• [GOAL OF THE EXERCISE]: In the records below, find the line with "KATSEYE Kpop Water" and repeat it and every line after it, exactly, without any pictures.

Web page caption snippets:
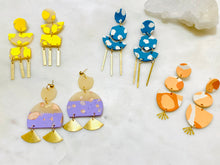 Load image into Gallery viewer, Summer Colours Polymer Clay & Brass Earrings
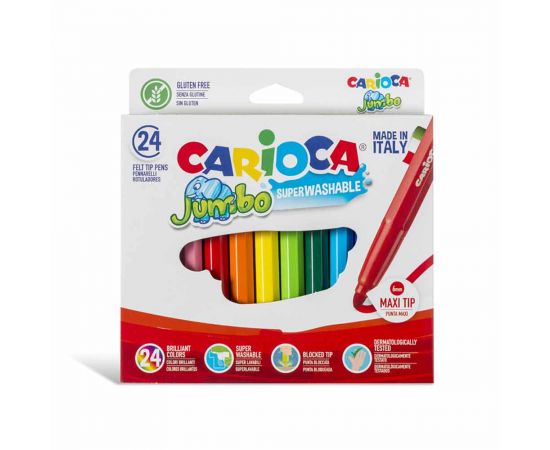 Μαρκαδόροι Ζωγραφικής Carioca jumbo - 24τμχ Χοντροί Carioca | Είδη Ζωγραφικής στο MarkCenter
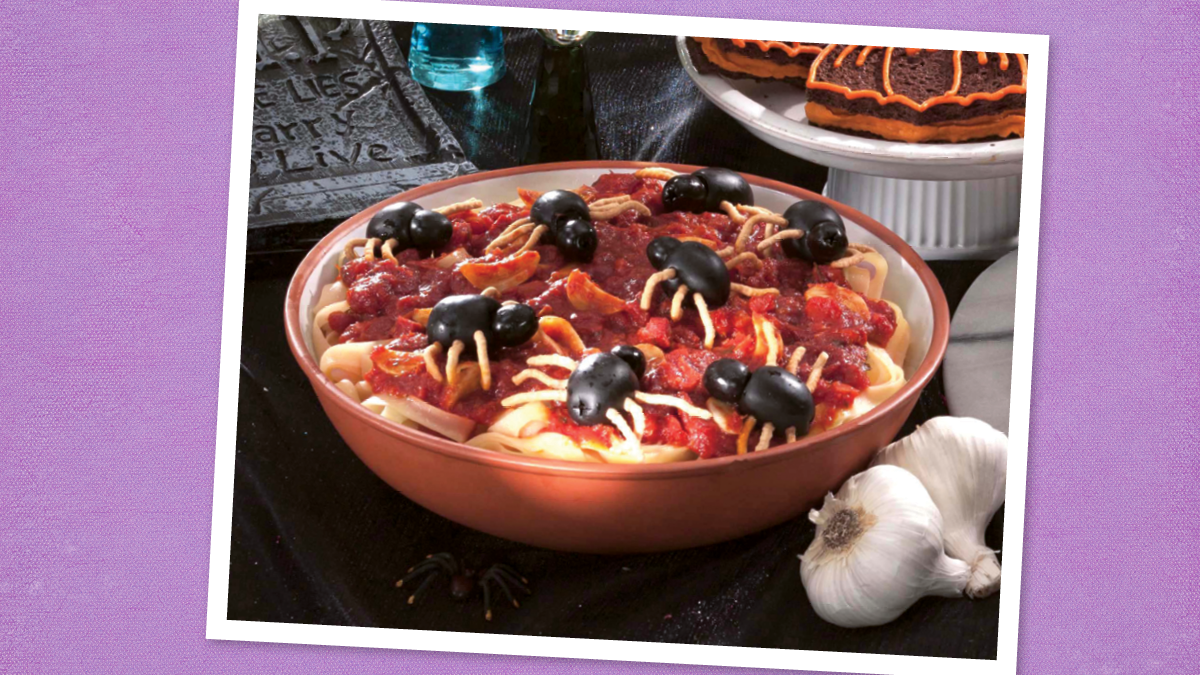 Transylvania Garlic Fettuccine sits looking spooky (halloween dinner ideas)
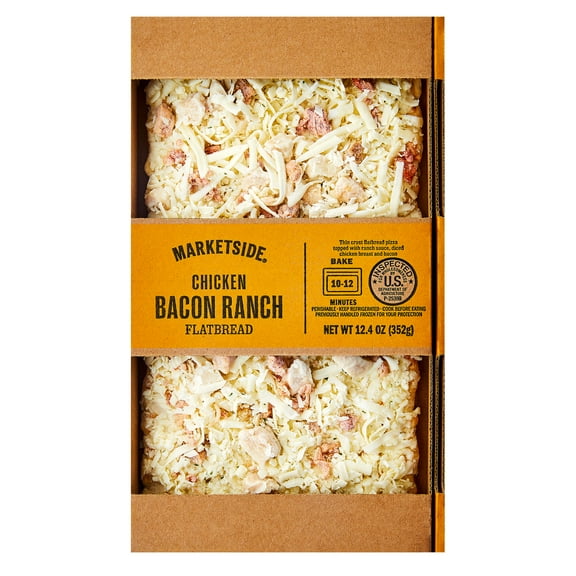 Marketside Chicken Bacon Ranch Flatbread Pizza, Ranch Sauce,12.4 oz (Fresh)
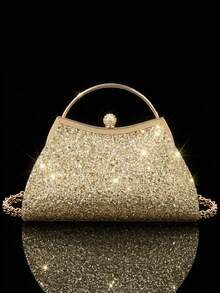 闪亮奢华女士晚宴包，优雅亮片派对包，镶钻手提包，时尚新娘婚礼包，配有闪亮水钻首饰三件套，适合女性参加派对、晚宴、婚礼、舞会、聚会和其他场合。 - 香檳色 - 查看 2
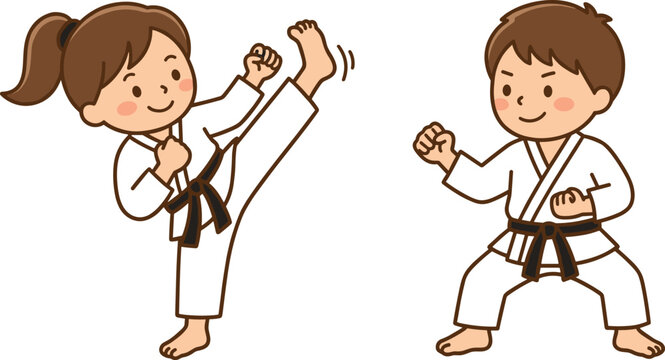 Cute cartoon martial arts kids vector set featuring boy and girl wearing white karate gi black belt kicking punching isolated on white background illustration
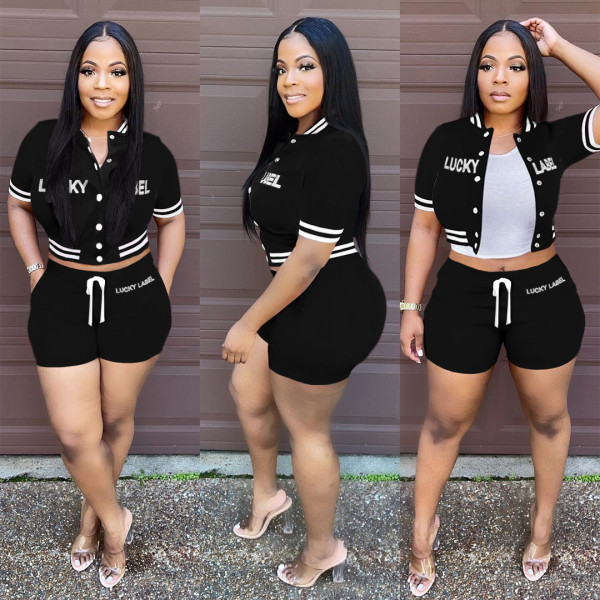 Casual Baseball Jacket And Shorts Sports Suits ASL-6559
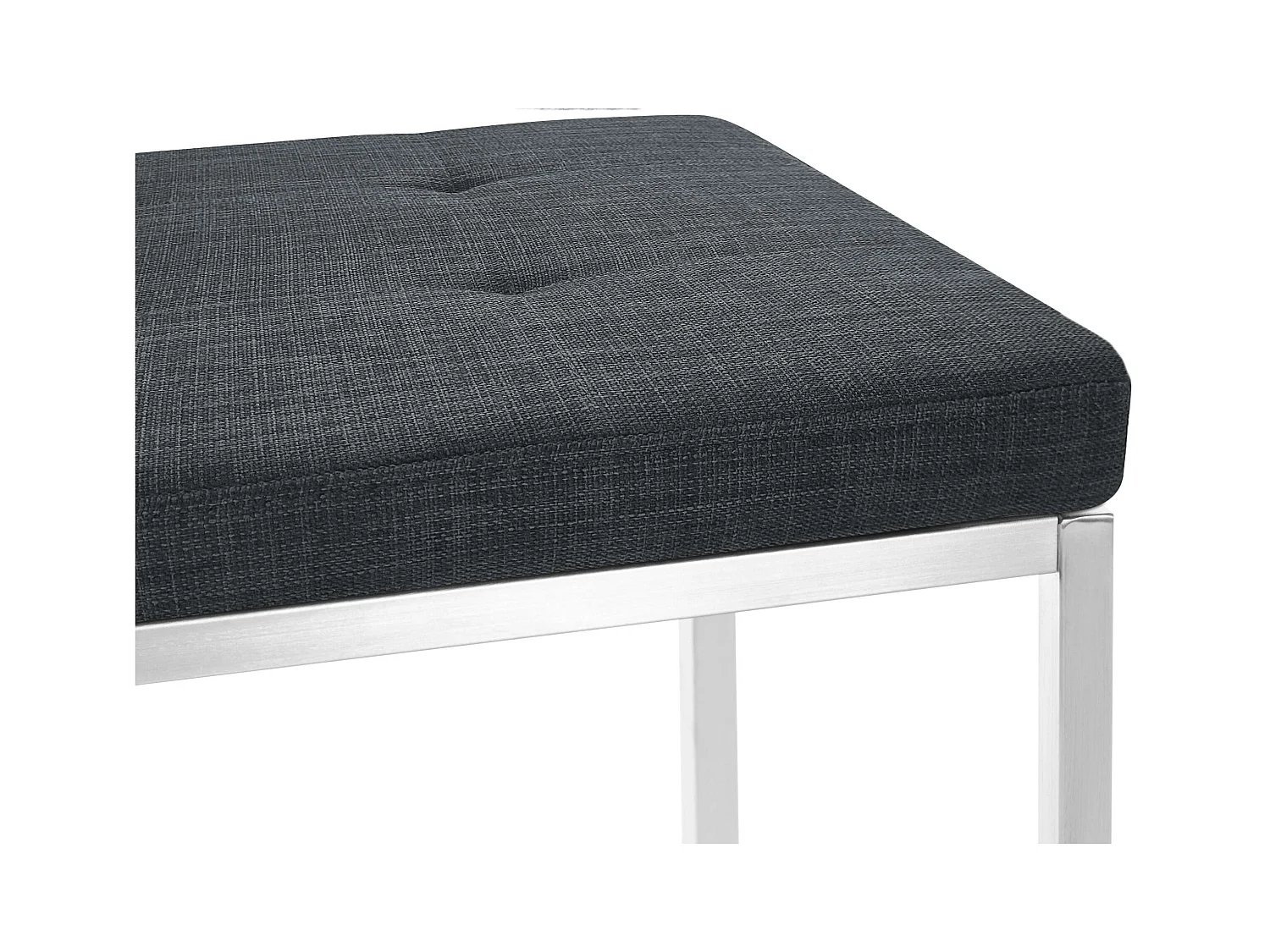 Banc banquette en tissu gris argenté 100 x 40 x 48 cm 10_0005505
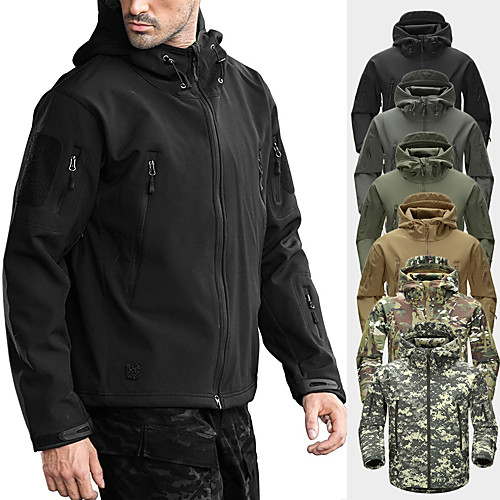 

Men's Hoodie Jacket Hiking Softshell Jacket Military Tactical Jacket Camo Outdoor Winter Thermal Waterproof Windproof Fleece Lining Winter Fleece Jacket Top Fleece Softshell Skiing Camping / Hiking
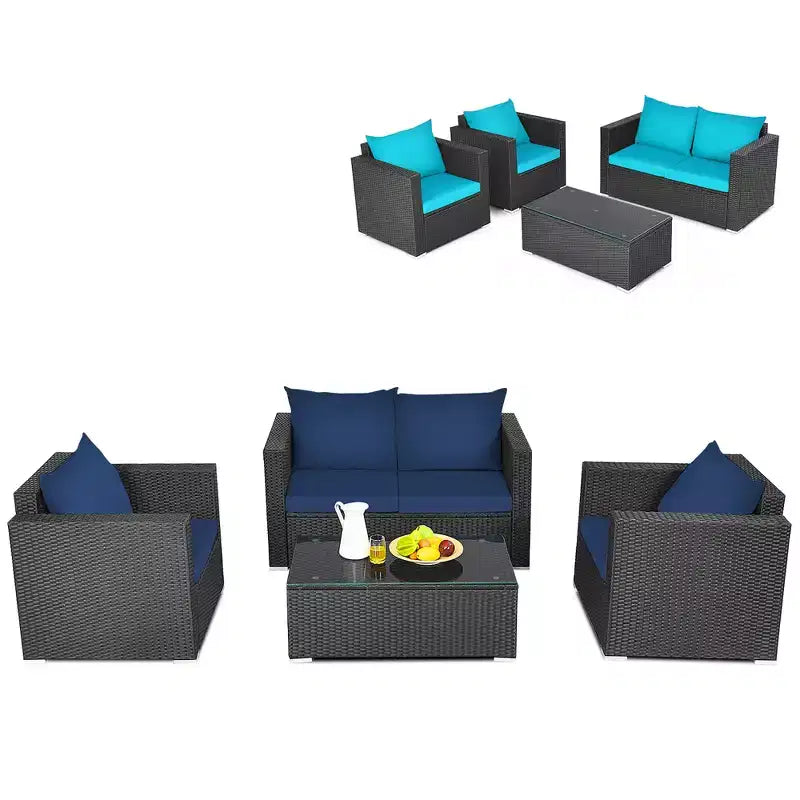 Costway 4-teiliges Garten-Rattan-Möbelset gepolstertes Sofa, Loveseat mit marineblauem und türkisfarbenem Bezug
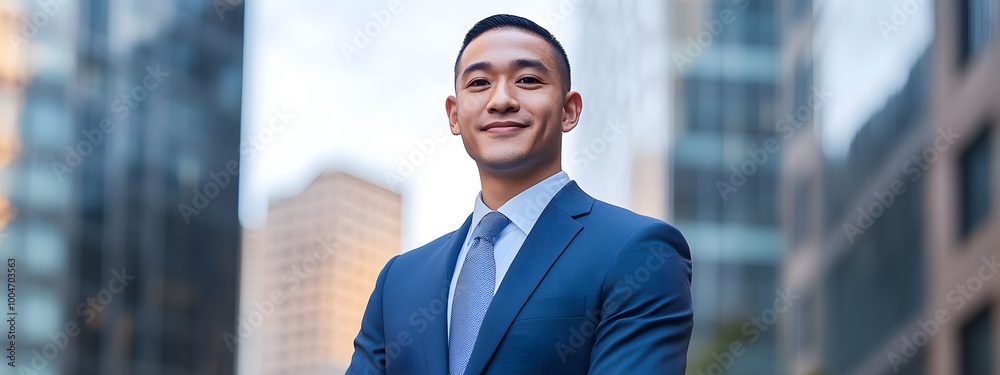 A professional photograph of an Asian man in his late thirties, wearing a navy blue suit and tie with his hands on his hips, standing against the backdrop of modern office buildings A professional photograph of an Asian man in his late thirties, wearing a navy blue suit and tie with his hands on his hips, standing against the backdrop of modern office buildings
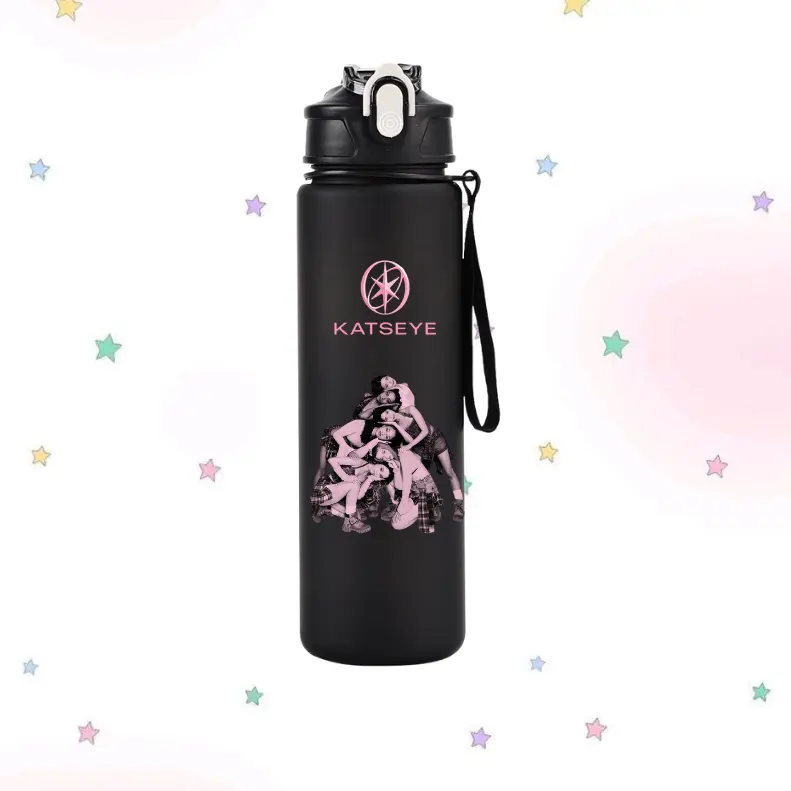 KATSEYE Kpop Water Bottle | Reusable Drinking Bottle with Carry Strap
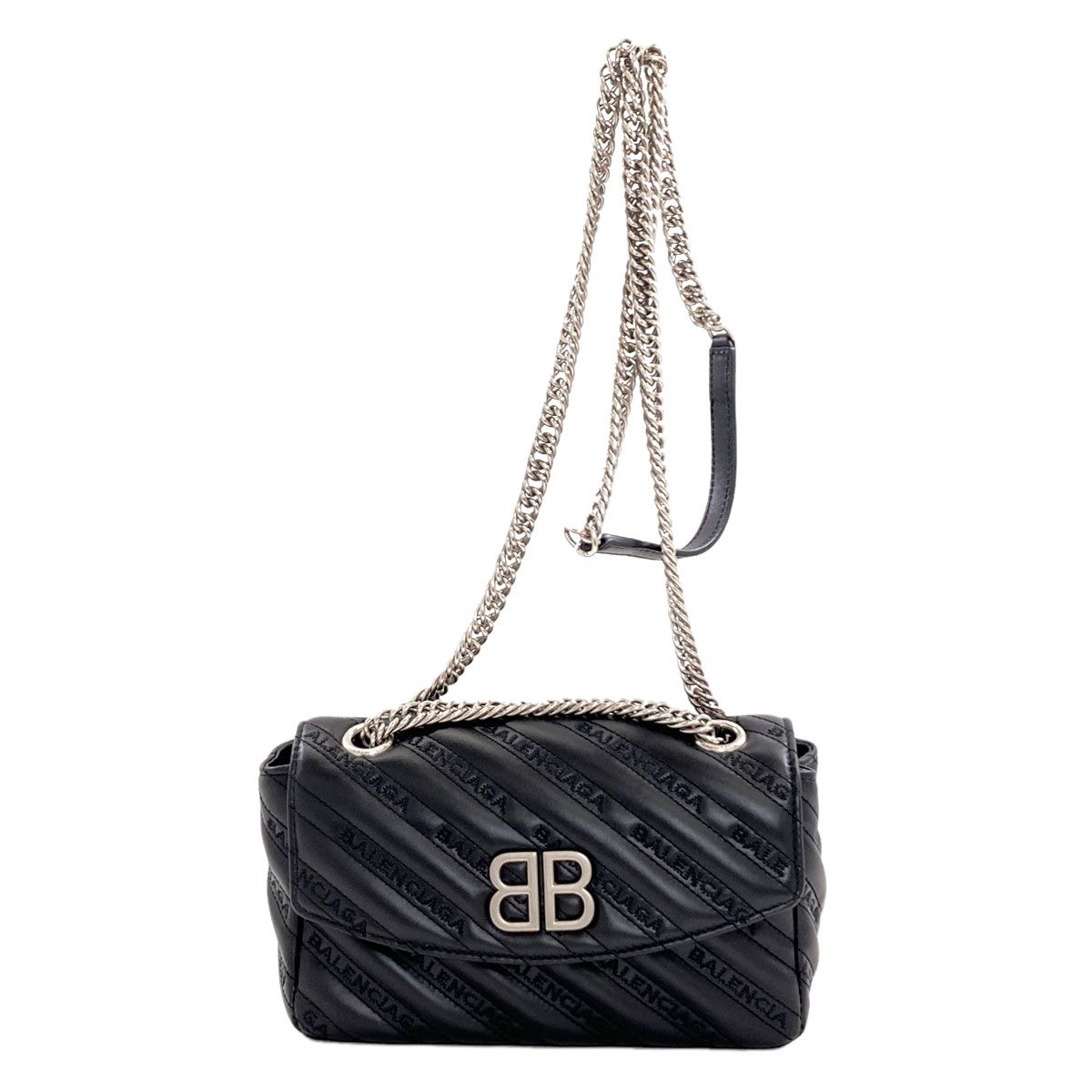 Balenciaga BB Logo Chain Shoulder Bag Calfskin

• [EXPECTED OUTPUT]:
 KATSEYE Kpop Water Bottle | Reusable Drinking Bottle with Carry Strap
 Balenciaga BB Logo Chain Shoulder Bag Calfskin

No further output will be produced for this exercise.